Exploration in modern games is a chore. You open the map and it’s already full of icons. Points of interest, collectibles, shops, events, fast travel markers, and three different currencies you didn’t ask for. There’s no discovery. You’re not exploring, you’re clearing a checklist.
It didn’t used to be like this.
Older games didn’t tell you where everything was. You stumbled across secrets by paying attention. A cracked wall. A weird noise. A platform just out of reach. And when you found something, it felt earned. You figured it out. You were rewarded for curiosity, not for doing side content in the right order.
Games like Metroid, Dark Souls, Morrowind, and Deus Ex didn’t hold your hand. They trusted you to look around, test things, and connect the dots. There were whole systems buried just off the main path. Hidden bosses. Secret areas. Entire questlines you could miss. Not because the game was trying to waste your time, but because it respected your attention span.
Now you’ve got glowing paths telling you exactly where to go. Compass markers that float in the sky. Maps that update themselves. Journal entries that spell everything out. And every corner of the game world has been algorithmically populated with side quests and activities to keep engagement high. You’re not exploring, you’re following instructions.
Even the secrets aren’t secret anymore. They’re announced in the patch notes. They’re part of a “Mystery” category in your quest log. They get marked off with a gold star and tracked by percentage. There’s no wonder in that. No sense of surprise. Just more boxes to tick.

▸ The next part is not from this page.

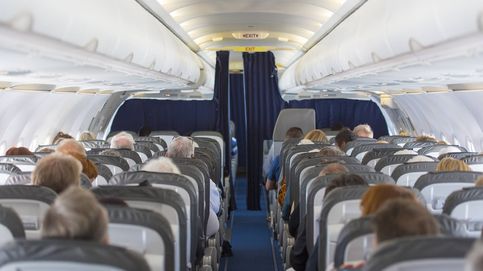 ¿Hay un médico a bordo?: el cirujano que explica cómo atender a un paciente en un avión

Some of this comes from user testing. Developers track how players engage, and if something gets missed too often, it gets pushed into the main path. Some of it comes from fear that players will miss content, get confused, or lose interest. So everything gets surfaced. Everything gets explained. And the game starts to feel more like a job than an adventure.
Exploration used to feel like part of the game, not something managed by a UI overlay. You were encouraged to look, to try things, to get lost. That sense of control over your own pace is gone in most modern games, and it’s hard to ignore once you notice it.

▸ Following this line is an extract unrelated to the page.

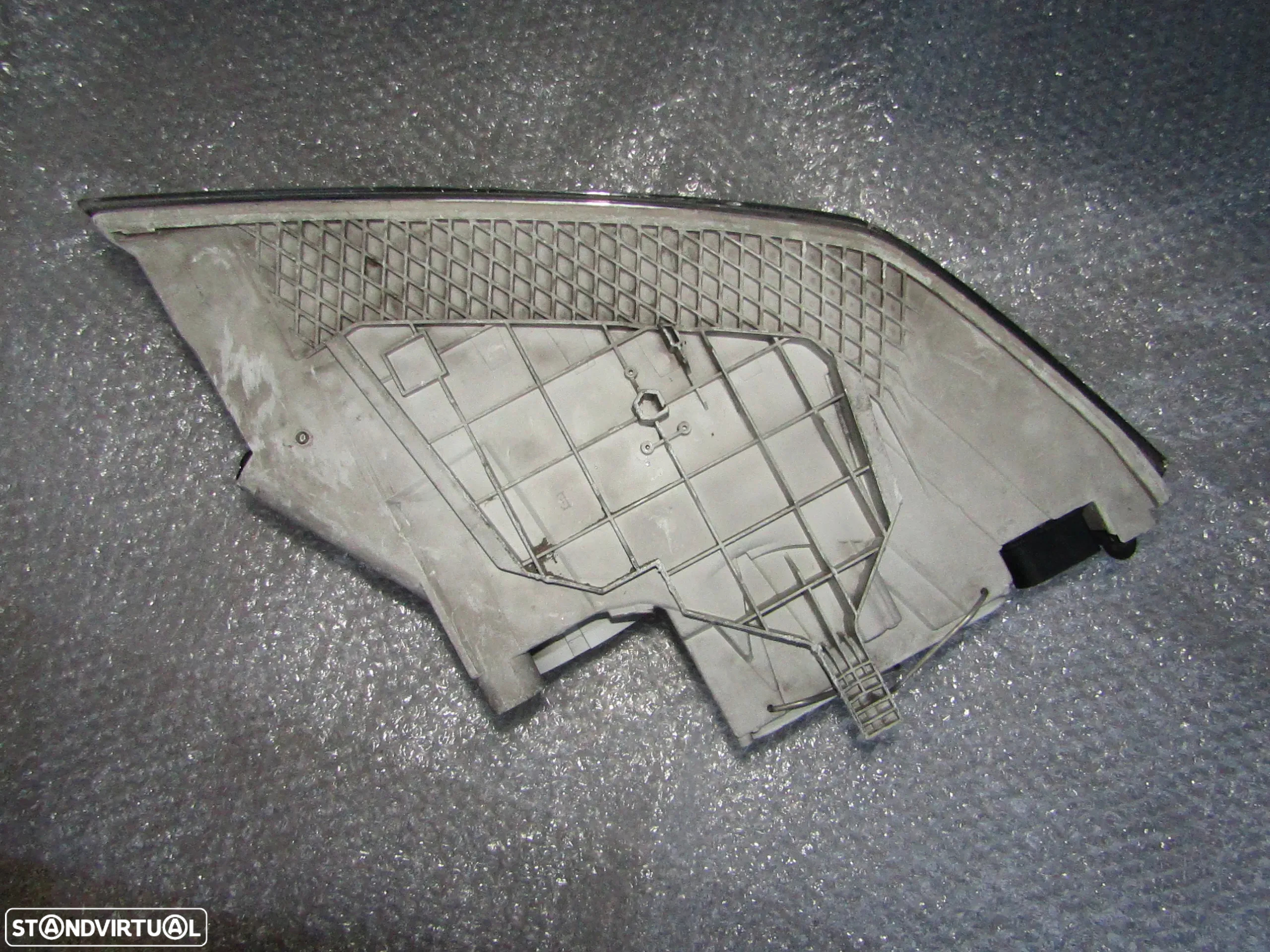 Farol Skoda Otavia  (ver descrição) - 4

That kind of discovery creates stories you remember. “I found this hidden door behind the waterfall” means more than “I cleared all six caves in Region 3.” But most games don’t let you have that moment anymore. They need you to stay on track. They need to make sure you’ve seen everything. So they flatten the experience into a to-do list.
Some developers still get it. Outer Wilds gives you an entire solar system of secrets and tells you almost nothing. Elden Ring doesn’t point you anywhere. Teardown hides tools and pathways that only reveal themselves when you try something stupid. These games aren’t confusing. They’re interesting. There’s a difference.
Games don’t need to be obscure or punishing to feel rewarding. But they do need to let you wonder. Let you get lost. Let you poke at the edges of the world and find something unexpected. Because that’s what turns a level into a place. That’s what makes it worth remembering.
What was the last game that made you feel like you’d found something no one else had?